From Cursor's adoption of Kimi K2.5 to a growing list of US tech companies switching to Chinese foundational models such as MiniMax, Zhipu AI and Qwen, the trend is unmistakable. Eight of the 10 most downloaded open-source models on platforms such as GitHub and Hugging Face are now of Chinese origin. When a premier AI conference, NeurIPS, rejected a Chinese submission, the China Computer Federation's decision to withhold academic services prompted a swift apology — an incident that reveals not just scientific depth but the extent to which global AI discourse now depends on Chinese participation.

What explains this shift? The answer lies in a convergence of developments. The performance gap between Chinese and US foundational models has narrowed dramatically over the past year. Innovations in residual connections and new architectural pathways have placed Chinese models at the frontier of technical capability. The market for AI agents and open-source ecosystems has matured to the point where cost-efficiency and performance matter more than geographic origin. Chinese models have proved exceptionally competitive on both counts. And the global AI industry is beginning to understand that foundational models are infrastructure, much like electricity or the internet. And infrastructure, by its nature, is global. The world's two largest economies cannot afford to simply wall themselves off from each other in AI.

Yet that is what a new bill introduced by US lawmakers seeks to do — banning government use of Chinese robots and, by extension, deepening a "decoupling" agenda that extends to AI. The economic illogic of this approach is staggering. It assumes that supply chains can be untangled overnight, that innovation can be neatly partitioned by nationality, and that the rest of the world will align itself with US restrictions rather than continue to adopt the best and most cost-effective technology available. None of these assumptions hold.

Data is foundational to our digital world. But the creation of infrastructure that produces data and the use of data through AI models have been the focus of attention and not enough meaningful consideration has been given to data itself. The need for a world data body and a comprehensive, multilateral approach for governing the use and flow of data, and to address attempts to hijack the open flow of information by criminals and terrorists, has become increasingly evident. As has the question of who benefits from its expanding uses, as there is a huge gap between the data gains of the developed and developing worlds.
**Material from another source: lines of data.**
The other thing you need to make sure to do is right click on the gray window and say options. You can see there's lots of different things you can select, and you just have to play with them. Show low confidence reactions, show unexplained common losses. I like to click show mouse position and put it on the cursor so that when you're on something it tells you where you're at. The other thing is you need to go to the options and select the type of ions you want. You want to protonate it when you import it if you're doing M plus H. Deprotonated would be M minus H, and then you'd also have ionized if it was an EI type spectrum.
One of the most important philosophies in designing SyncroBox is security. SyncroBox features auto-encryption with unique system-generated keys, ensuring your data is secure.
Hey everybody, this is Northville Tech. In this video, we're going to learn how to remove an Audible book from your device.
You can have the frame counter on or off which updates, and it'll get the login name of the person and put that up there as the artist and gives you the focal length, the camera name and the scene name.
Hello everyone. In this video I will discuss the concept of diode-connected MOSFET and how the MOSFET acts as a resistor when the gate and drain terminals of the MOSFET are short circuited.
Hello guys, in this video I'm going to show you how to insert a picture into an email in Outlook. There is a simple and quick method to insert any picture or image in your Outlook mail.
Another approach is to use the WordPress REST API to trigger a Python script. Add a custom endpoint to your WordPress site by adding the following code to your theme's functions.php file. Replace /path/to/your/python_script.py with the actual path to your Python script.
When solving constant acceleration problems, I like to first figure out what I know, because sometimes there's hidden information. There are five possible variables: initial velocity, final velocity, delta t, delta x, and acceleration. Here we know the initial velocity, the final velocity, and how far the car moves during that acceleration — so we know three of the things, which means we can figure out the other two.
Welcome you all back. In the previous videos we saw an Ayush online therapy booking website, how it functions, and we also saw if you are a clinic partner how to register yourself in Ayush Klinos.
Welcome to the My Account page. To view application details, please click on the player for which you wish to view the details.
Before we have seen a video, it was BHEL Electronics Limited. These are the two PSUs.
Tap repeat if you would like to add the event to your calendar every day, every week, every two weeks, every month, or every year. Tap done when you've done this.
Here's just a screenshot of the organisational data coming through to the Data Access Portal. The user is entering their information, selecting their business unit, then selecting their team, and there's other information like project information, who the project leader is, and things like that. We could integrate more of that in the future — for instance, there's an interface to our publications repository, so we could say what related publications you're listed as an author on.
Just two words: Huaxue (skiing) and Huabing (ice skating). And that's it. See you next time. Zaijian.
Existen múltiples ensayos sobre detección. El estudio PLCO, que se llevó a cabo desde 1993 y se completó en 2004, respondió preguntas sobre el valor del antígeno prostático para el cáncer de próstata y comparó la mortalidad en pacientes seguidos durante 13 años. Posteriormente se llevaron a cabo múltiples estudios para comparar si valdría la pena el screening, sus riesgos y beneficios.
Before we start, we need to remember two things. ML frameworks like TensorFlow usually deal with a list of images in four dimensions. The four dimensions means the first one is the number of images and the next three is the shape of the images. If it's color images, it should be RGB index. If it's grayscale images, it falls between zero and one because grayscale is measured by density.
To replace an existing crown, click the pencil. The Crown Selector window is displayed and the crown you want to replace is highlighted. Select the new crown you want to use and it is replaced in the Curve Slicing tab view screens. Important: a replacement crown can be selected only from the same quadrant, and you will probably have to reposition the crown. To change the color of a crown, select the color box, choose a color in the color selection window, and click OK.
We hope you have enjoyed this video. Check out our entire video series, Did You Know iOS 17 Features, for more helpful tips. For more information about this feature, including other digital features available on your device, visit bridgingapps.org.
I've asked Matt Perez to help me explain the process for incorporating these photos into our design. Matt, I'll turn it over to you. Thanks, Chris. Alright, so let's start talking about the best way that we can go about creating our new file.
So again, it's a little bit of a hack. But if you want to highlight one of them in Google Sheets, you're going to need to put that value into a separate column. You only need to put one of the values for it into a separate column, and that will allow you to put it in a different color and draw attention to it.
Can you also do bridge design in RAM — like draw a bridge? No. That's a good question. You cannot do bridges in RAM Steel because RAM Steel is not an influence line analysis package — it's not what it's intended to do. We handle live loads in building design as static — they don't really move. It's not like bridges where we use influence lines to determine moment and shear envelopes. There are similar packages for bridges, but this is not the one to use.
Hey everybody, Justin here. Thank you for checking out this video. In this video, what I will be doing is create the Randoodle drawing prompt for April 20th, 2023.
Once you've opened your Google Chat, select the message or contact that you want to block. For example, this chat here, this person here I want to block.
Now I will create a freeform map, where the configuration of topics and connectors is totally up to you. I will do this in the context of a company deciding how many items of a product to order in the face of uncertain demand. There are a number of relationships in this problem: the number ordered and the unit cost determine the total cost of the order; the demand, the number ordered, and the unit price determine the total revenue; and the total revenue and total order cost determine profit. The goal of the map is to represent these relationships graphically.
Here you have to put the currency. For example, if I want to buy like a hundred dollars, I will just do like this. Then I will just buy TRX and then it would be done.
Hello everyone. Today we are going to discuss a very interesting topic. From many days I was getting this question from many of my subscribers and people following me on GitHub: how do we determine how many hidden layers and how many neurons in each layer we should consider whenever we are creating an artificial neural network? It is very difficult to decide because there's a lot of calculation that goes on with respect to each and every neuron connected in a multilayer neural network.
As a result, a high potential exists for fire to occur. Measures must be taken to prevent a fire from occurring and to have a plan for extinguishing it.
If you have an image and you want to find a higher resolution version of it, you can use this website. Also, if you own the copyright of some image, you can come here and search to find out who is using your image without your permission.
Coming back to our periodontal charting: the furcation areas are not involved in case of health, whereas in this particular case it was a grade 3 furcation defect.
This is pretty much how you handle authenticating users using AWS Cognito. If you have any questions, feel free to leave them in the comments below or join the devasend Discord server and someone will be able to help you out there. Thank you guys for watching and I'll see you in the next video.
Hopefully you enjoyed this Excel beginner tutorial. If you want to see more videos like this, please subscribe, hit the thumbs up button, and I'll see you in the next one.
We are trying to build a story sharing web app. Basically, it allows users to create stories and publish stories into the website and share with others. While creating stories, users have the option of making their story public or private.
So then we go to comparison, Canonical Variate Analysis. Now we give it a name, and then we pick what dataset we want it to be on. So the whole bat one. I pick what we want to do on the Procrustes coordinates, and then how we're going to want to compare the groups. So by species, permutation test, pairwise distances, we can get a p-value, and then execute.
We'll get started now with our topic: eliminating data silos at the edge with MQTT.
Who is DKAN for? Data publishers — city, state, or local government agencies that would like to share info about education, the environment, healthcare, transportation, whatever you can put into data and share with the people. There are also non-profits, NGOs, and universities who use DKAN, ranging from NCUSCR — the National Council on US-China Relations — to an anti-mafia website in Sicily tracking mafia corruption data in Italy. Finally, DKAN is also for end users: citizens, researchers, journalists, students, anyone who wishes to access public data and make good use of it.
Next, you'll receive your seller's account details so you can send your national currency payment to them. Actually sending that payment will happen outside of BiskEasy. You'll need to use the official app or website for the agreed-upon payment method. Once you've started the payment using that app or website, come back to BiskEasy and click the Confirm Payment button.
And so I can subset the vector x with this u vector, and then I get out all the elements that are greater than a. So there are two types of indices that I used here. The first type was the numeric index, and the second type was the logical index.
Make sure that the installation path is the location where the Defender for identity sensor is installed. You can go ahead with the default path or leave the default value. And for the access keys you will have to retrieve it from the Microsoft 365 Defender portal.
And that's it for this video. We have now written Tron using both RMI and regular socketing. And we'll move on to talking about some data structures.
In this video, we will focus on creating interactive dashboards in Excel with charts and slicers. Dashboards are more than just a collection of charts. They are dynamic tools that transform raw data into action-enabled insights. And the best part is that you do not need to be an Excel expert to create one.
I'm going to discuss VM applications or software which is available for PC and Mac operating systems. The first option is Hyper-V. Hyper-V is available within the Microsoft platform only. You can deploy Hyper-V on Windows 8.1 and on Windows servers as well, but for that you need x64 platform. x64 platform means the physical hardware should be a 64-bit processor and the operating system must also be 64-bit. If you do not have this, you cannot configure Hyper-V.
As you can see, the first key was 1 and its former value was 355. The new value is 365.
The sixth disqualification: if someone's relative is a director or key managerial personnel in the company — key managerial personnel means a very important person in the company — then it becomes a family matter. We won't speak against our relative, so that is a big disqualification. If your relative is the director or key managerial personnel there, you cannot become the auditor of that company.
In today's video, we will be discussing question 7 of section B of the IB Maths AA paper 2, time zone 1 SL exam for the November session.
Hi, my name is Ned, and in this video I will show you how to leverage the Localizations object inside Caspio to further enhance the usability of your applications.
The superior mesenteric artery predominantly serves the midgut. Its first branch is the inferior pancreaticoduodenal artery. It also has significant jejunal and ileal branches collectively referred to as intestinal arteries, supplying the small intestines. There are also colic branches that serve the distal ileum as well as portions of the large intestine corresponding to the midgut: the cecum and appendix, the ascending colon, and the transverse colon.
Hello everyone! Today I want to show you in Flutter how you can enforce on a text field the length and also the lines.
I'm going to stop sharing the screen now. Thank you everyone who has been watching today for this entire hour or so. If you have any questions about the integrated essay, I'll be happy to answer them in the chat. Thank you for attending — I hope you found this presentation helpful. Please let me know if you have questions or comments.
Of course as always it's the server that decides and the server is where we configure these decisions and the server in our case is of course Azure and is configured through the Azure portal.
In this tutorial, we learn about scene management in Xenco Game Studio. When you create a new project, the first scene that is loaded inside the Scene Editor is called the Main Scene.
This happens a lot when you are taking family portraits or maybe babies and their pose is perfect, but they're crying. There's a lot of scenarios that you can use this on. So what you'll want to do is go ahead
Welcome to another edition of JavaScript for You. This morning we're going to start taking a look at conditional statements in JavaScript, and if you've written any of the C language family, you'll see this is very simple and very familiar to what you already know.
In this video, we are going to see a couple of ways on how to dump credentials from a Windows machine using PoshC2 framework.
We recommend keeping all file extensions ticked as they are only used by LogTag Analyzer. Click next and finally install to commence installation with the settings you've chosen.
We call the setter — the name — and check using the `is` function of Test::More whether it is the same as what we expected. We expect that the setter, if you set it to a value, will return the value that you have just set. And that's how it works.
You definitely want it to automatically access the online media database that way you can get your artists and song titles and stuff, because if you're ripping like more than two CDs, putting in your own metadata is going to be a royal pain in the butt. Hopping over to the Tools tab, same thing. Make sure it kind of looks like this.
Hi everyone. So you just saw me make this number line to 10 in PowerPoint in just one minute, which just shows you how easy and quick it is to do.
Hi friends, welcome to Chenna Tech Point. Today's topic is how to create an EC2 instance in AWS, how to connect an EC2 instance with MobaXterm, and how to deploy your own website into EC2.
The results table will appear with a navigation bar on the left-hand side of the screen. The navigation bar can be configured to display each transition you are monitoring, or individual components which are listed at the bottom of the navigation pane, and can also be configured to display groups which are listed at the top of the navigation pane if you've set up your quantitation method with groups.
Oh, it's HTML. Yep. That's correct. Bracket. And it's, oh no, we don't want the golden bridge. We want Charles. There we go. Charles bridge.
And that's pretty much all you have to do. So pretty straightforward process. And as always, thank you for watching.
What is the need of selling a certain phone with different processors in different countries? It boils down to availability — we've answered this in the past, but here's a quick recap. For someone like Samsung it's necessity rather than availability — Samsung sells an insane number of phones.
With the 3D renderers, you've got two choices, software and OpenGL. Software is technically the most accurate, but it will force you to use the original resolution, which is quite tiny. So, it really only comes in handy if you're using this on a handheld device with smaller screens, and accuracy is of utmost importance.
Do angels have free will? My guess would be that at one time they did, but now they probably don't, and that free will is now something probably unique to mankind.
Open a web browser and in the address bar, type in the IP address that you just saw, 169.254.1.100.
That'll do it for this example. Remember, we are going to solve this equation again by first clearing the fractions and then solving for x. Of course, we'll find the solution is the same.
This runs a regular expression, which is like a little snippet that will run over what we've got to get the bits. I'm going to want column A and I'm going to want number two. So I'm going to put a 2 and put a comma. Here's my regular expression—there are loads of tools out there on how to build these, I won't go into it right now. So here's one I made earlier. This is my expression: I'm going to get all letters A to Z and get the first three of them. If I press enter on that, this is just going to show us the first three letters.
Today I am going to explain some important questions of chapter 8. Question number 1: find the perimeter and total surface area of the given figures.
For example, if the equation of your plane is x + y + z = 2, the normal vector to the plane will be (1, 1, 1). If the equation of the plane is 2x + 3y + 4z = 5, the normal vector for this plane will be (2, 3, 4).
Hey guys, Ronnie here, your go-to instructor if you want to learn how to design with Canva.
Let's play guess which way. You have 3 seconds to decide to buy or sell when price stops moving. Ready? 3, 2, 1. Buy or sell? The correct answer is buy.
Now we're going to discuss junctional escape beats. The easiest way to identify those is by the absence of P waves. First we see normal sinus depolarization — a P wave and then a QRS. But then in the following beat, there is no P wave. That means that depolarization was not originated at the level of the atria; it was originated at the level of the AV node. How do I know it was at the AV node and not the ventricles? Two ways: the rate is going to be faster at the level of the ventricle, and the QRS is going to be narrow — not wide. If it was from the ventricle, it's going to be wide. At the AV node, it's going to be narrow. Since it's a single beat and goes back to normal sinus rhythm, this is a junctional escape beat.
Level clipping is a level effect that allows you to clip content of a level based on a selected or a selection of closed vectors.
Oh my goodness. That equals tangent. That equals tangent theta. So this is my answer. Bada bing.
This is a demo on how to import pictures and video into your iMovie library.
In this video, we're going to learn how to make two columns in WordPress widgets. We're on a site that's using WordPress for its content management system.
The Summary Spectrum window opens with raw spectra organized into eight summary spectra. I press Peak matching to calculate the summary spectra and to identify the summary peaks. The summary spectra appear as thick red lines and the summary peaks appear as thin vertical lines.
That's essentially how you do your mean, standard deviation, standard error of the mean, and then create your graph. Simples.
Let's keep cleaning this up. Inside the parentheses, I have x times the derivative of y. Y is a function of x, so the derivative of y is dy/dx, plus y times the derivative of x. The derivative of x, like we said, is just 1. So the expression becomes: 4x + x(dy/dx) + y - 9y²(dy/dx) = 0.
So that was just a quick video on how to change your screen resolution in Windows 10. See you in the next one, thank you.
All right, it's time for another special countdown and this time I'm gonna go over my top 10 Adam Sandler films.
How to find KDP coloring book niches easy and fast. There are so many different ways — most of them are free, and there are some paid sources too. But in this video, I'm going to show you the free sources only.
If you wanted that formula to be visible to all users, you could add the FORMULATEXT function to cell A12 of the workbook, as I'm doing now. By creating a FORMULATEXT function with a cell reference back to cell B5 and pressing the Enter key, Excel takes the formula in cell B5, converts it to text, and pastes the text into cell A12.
The establishment of the World Data Organization aims to address these issues. The organization held its first general meeting in Beijing on Monday, at which its charter was adopted, its first council elected and the groundwork laid for a multilateral framework to govern data and high-tech development.

As foundational models become general-purpose technologies, their diffusion across borders will determine which economies can participate in the intelligent economy of this century. By championing open-source ecosystems and internationalizing its AI services, China is helping nations bridge the digital divide.

None of this is to suggest that geopolitical competition over technology has disappeared. It has not. But the premise that AI "decoupling" is either feasible or desirable is dangerously mistaken. The industry itself is demonstrating that. When Silicon Valley developers choose Chinese foundational models, they are voting with their code.

What is needed instead is multilateral governance. The World Data Organization offers a framework, however nascent, for precisely that. The alternative — a world of competing technological blocs, fragmented standards, and redundant investment — would impose enormous costs on businesses, consumers and innovation itself. These costs would not be borne equally. They would fall most heavily on economies that are least able to afford them.

Washington's lawmakers would do well to respect reality. The attempt to "decouple" the world's two largest economies in AI is not only impossible; it is a form of self-harm. The infrastructure of the intelligent age will be built on global foundations. The only question is whether the US chooses to help shape that architecture or isolates itself from it.